__Problem requirements__:
Wherever a line in the records contains the word "ブレスレット", return that line.

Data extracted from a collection
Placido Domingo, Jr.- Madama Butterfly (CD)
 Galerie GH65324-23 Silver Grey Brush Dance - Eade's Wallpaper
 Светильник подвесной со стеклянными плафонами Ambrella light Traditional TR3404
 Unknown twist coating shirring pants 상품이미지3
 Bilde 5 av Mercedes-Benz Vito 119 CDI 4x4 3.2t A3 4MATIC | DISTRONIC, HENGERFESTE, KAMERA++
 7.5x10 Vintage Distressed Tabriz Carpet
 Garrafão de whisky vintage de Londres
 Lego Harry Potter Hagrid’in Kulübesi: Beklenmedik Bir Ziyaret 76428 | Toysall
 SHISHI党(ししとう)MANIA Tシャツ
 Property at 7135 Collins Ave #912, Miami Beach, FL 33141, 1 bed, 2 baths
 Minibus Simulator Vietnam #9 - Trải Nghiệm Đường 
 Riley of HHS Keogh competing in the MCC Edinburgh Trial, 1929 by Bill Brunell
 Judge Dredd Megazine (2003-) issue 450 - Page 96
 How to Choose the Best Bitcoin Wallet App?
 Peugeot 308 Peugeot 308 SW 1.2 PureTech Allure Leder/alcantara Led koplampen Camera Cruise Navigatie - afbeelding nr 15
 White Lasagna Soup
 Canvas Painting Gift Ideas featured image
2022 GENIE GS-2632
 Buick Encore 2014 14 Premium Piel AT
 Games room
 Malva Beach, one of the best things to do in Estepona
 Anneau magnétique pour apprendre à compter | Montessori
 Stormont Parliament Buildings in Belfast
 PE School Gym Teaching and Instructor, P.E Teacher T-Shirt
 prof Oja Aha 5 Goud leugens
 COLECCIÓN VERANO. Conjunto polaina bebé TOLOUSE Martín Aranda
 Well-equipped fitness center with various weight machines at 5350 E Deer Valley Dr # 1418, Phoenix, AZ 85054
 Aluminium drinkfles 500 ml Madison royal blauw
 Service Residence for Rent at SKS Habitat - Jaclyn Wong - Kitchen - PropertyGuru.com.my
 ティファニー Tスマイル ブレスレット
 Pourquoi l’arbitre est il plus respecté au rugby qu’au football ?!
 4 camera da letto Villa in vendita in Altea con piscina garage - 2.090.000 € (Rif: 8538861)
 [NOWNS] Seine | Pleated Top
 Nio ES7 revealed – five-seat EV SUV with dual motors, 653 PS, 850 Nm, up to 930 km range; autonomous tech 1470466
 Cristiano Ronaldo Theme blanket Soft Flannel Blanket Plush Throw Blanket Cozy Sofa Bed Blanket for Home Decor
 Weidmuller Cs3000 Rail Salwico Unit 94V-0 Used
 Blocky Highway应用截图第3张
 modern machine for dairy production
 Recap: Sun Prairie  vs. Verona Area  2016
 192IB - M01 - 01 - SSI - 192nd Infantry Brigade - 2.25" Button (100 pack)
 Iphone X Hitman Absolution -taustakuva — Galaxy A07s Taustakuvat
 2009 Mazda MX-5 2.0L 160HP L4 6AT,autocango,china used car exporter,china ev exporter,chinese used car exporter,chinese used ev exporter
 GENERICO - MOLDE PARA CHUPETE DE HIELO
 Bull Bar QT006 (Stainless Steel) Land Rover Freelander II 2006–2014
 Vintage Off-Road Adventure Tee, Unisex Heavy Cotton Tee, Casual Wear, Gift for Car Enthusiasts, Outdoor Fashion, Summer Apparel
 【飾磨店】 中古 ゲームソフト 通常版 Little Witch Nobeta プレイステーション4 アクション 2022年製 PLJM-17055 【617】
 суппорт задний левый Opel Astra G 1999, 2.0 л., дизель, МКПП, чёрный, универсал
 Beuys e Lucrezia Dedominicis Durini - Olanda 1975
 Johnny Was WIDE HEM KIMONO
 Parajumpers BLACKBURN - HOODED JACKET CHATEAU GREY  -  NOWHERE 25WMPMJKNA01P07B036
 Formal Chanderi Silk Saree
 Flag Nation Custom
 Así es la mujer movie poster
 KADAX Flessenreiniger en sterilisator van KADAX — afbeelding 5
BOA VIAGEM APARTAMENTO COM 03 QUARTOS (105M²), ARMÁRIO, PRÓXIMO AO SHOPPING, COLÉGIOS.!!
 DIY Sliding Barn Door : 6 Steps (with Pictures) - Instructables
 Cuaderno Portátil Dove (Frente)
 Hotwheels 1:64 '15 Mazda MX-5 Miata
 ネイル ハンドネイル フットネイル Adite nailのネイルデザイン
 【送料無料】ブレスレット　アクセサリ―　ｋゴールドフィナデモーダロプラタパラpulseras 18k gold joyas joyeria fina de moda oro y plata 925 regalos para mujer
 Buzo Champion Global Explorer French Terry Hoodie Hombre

__Answer box__:
 ティファニー Tスマイル ブレスレット
 【送料無料】ブレスレット　アクセサリ―　ｋゴールドフィナデモーダロプラタパラpulseras 18k gold joyas joyeria fina de moda oro y plata 925 regalos para mujer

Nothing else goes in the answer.